The first step in increasing service reliability and maintaining performance is to measure everything:
Artwork: Allie Brosh
Once you have measurements that tell you how your system is working, then you can work out what is running slow and identify when something goes down. Don’t forget to also measure error rates e.g. 400 and 500 error codes – preferably as a percentage of all requests, as absolute numbers soon become meaningless.
If you have a globally distributed userbase, then you may want to set up checks from all around the world too. I used to live in New Zealand, and you could soon tell apps that were making lots of sequential calls to a server far away, compared to those that made fewer or in parallel. You might be able to improve on many things, but you’ll never improve the speed of light!
What to measure
Measurement, or you may prefer to call it monitoring or observability, is an ongoing process – you can always measure more things. However, your time isn’t unlimited, so you need to focus on the services that impact on your users the most first. As an example if you’ve got slow performance on a web service then add further measurement on that service, e.g. the call to a database or the performance of other, related, components within the web service. This way you are working on finding out what is slowing things down and then improving it.
It’s not just real-time performance that matters. I’d encourage you to measure things inside your app or website too and send these back for further analysis – this is commonly called telemetry. Don’t just measure performance via telemetry, but also things like the way the user interacts with your service: you’ll be surprised what you find here. Of course, make sure that you do this in a privacy-compliant manner.
You may have noticed something here – I didn’t focus on disk and CPU metrics. Of course, you also want to do these, but the primary focus should be on user experience.
You’ll also want to set up some form of log collection service. There are many commercial services for that these days, and it’s very handy to have them in one place, rather than hunting around many servers.
When things go wrong
You’ll want to hook some of these measurements up to some form of alerting system and build an incident response plan. So, when something goes wrong at 2am, someone can sort it quickly.
When you inevitably do have an outage, then be honest with your users. Your new users will be much more tolerant if you tell them that all their enthusiasm means that your service is getting stretched. Many companies now publish reports online into what went wrong and how they’ll fix it when they have problems. This helps customers trust that things are being improved.
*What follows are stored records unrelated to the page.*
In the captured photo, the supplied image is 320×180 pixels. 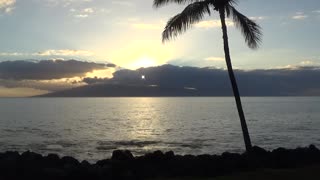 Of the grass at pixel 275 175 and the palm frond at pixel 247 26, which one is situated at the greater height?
the palm frond at pixel 247 26

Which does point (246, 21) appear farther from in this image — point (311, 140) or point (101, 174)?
point (311, 140)

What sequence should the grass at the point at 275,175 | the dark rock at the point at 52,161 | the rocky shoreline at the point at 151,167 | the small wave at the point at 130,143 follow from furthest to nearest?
the small wave at the point at 130,143
the dark rock at the point at 52,161
the rocky shoreline at the point at 151,167
the grass at the point at 275,175

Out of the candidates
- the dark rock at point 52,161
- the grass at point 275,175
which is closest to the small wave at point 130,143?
the dark rock at point 52,161

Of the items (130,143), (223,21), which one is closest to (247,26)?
(223,21)

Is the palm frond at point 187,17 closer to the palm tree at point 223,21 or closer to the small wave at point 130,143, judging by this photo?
the palm tree at point 223,21

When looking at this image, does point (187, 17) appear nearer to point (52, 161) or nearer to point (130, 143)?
point (52, 161)

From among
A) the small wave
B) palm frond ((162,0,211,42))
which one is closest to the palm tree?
palm frond ((162,0,211,42))

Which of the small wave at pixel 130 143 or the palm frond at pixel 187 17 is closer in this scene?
the palm frond at pixel 187 17

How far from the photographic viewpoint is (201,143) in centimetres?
4616

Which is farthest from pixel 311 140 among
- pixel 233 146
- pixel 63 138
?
pixel 63 138

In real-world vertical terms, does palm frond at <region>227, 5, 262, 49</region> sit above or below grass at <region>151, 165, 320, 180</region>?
above

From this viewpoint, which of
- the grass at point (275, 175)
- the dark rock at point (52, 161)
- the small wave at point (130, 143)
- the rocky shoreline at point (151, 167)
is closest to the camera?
the grass at point (275, 175)

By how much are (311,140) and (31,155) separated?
31.6 m

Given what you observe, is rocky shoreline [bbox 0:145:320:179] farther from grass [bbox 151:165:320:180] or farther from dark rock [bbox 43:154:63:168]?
grass [bbox 151:165:320:180] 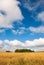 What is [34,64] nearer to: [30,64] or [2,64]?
[30,64]

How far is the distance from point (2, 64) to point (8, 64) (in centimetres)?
61

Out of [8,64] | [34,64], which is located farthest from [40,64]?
[8,64]

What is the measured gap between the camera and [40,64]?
15.5m

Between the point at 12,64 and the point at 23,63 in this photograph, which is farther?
the point at 23,63

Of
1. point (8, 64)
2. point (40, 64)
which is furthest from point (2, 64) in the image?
point (40, 64)

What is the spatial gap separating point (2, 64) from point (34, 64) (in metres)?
2.98

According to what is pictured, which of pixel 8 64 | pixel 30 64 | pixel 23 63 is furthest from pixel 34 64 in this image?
Result: pixel 8 64

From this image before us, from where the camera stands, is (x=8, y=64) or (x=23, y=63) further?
(x=23, y=63)

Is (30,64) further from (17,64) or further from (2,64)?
(2,64)

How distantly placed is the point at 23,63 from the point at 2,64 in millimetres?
2283

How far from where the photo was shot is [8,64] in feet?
47.5

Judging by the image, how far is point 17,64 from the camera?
15.1 metres

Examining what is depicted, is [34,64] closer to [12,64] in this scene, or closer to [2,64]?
[12,64]

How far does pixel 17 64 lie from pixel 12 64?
0.58 metres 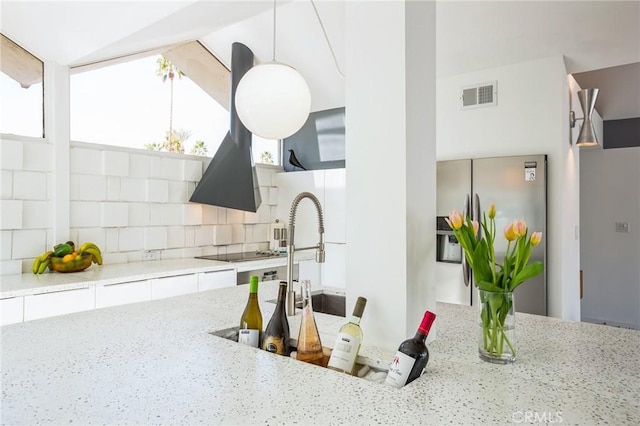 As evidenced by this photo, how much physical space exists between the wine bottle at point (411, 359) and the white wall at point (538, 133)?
269 centimetres

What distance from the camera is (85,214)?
3.25 metres

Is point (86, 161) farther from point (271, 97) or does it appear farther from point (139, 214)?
point (271, 97)

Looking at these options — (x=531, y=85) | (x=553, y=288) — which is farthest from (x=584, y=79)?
(x=553, y=288)

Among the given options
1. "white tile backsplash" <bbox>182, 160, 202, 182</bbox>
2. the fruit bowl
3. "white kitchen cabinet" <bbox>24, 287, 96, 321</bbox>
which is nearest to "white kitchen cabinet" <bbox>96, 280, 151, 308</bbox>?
"white kitchen cabinet" <bbox>24, 287, 96, 321</bbox>

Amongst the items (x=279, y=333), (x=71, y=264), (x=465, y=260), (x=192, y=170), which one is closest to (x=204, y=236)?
(x=192, y=170)

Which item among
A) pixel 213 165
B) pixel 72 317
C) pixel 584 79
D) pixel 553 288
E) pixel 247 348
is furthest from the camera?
pixel 584 79

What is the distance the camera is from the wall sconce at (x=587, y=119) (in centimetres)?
350

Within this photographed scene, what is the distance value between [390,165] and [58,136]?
276 centimetres

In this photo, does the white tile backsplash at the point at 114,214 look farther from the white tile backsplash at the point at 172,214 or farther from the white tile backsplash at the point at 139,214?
the white tile backsplash at the point at 172,214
There are also a few things I’d recommend on the architecture to make it ready for scale, too:
- As far as possible, make things stateless – keep the state in a database or some form of blob storage.
- Deploy things using Infrastructure as Code.
- Build a robust CI/CD pipeline and process so that you can release and deploy code frequently.
With these steps you’ll be able to connect servers behind load balancers that can then auto-scale as load comes on rather than having to build bigger, more fragile servers – this is what people mean by scale out, not scale up.
When you’ve got time, you may want to start shifting your code to “serverless”. This will make the overhead of building and running software quite a bit less, but there may be a reasonable amount of work to get to this point.
Do check the tools that your cloud provider gives you for recommendations – these will often have very useful and important advice for you. e.g. stopping you accidentally exposing private data to the internet. For Azure I’d recommend starting with Azure Advisor and Azure Security Center.
I could dive much deeper into security as I think this is such a crucial aspect too, but that would be a whole series of blog posts. As luck would have it my colleague, Tanya Janca, has written a series all about this – check out Pushing left, like a boss.
Coming back to cost
So, what about the original question around cost? From my experience it’s basically a game of Whac-A-Mole. You’ll have things that popup all over the place and it’s a matter of focusing on what’s the costliest and working out how to reduce that. A couple of practical things that I’d suggest are:
- Tag your resources – this way you can see where you’re spending your money. A good starting point for Azure is here.
- Focus on slowest running services that are used a lot. If a service takes 200 milliseconds and you can drop this to 100 milliseconds then you’ll halve the cost (assuming that CPU is the limitation), and if it’s an end-user facing service, you’ll make your users happier too – win-win!
Good luck with your scaling – it’s a great problem to have!